Thruster is an HTTP/2 proxy for simple production-ready deployments of Rails applications. It runs alongside the Puma webserver to provide a few additional features that help your app run efficiently and safely on the open Internet:
- HTTP/2 support
- Automatic TLS certificate management with Let's Encrypt
- Basic HTTP caching of public assets
- X-Sendfile support and compression, to efficiently serve static files
Thruster aims to be as zero-config as possible. It has no configuration file, and most features are automatically enabled with sensible defaults. The goal is that simply running your Puma server with Thruster should be enough to get a production-ready setup.
The only exception to this is TLS provisioning: in order for Thruster to
provision TLS certificates, it needs to know which domain those certificates
should be for. So to use TLS, you need to set the TLS_DOMAIN environment
variable. If you don't set this variable, Thruster will run in HTTP-only mode.
Thruster also wraps the Puma process so that you can use it without managing
multiple processes yourself. This is particularly useful when running in a
containerized environment, where you typically won't have a process manager
available to coordinate the processes. Instead you can use Thruster as your
CMD, and it will manage Puma for you.
Thruster was originally created for the ONCE project, where we wanted a no-fuss way to serve a Rails application from a single container, directly on the open Internet. We've since found it useful for simple deployments of other Rails applications.
Thruster is distributed as a Ruby gem. Because Thruster is written in Go, we provide several pre-built platform-specific binaries. Installing the gem will automatically fetch the appropriate binary for your platform.
To install it, add it to your application's Gemfile:
gem 'thruster'Or install it globally:
$ gem install thrusterTo run your Puma application inside Thruster, prefix your usual command string
with thrust. For example:
$ thrust bin/rails serverOr with automatic TLS:
$ TLS_DOMAIN=myapp.example.com thrust bin/rails serverIn most cases, Thruster should work out of the box with no additional configuration. But if you need to customize its behavior, there are a few environment variables that you can set.

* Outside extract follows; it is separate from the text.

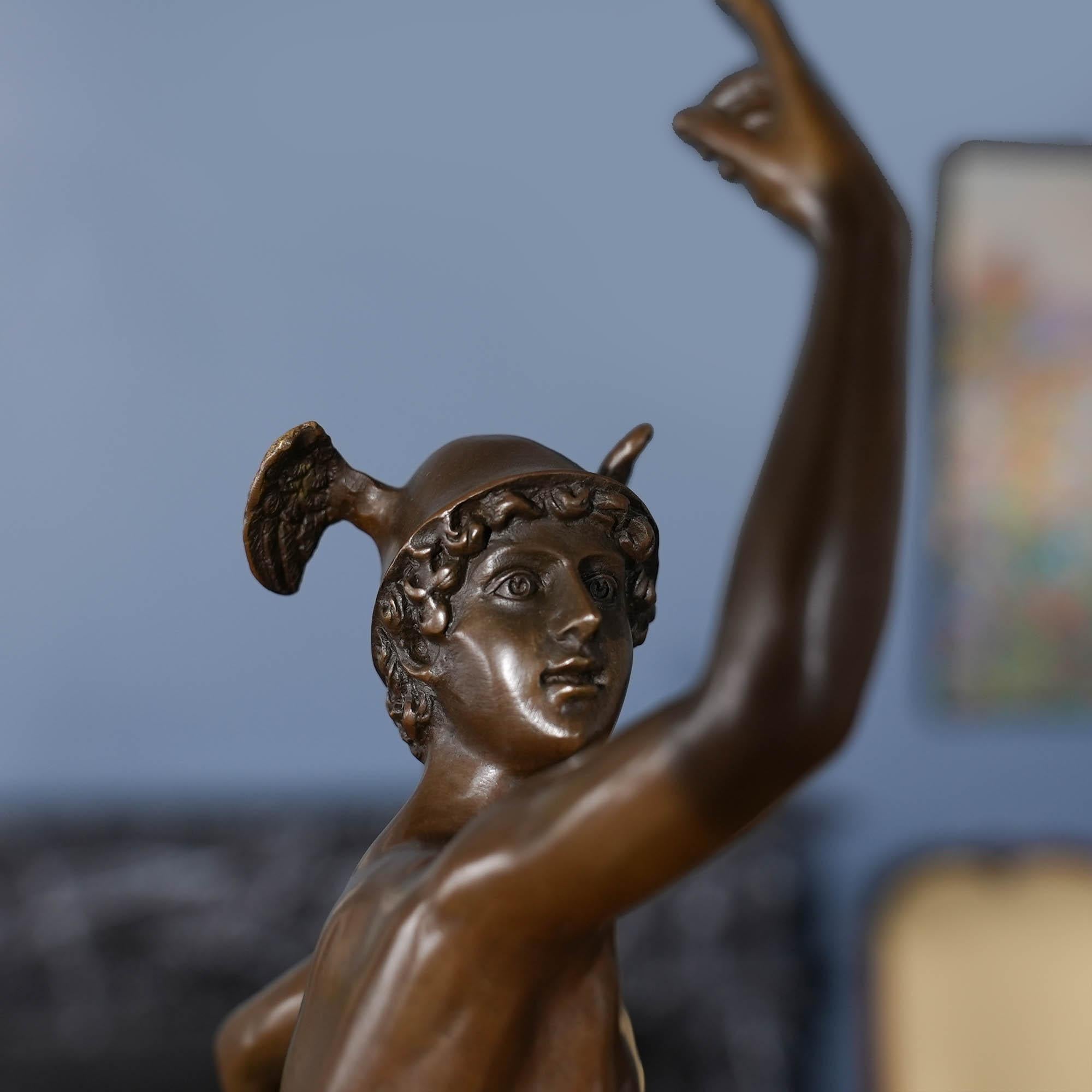 Hand-Crafted Bronze Mercury on Marble Base For Sale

To prevent naming clashes with your application's own environment variables,
Thruster's environment variables can optionally be prefixed with THRUSTER_.
For example, TLS_DOMAIN can also be written as THRUSTER_TLS_DOMAIN. Whenever
a prefixed variable is set, it will take precedence over the unprefixed version.
Thruster includes built-in mitigation for the BREACH attack, which allows attackers to extract secrets from compressed encrypted traffic.
- Random Jitter (Enabled by Default): Thruster adds a random amount of "jitter" (padding) to the size of compressed responses. This makes it significantly harder for attackers to infer the content based on the compressed size. The default jitter is 32 bytes, controlled by
GZIP_COMPRESSION_JITTER. - Compression Guard (Optional): For higher security, you can disable compression entirely for authenticated requests (requests containing
Cookie,Authorization, orX-Csrf-Tokenheaders) by settingGZIP_COMPRESSION_DISABLE_ON_AUTH=true. This eliminates the side-channel entirely for sensitive traffic but may increase bandwidth usage.
By default, Thruster prioritizes performance while providing baseline protection via jitter. Operators with strict security requirements should consider enabling the Compression Guard.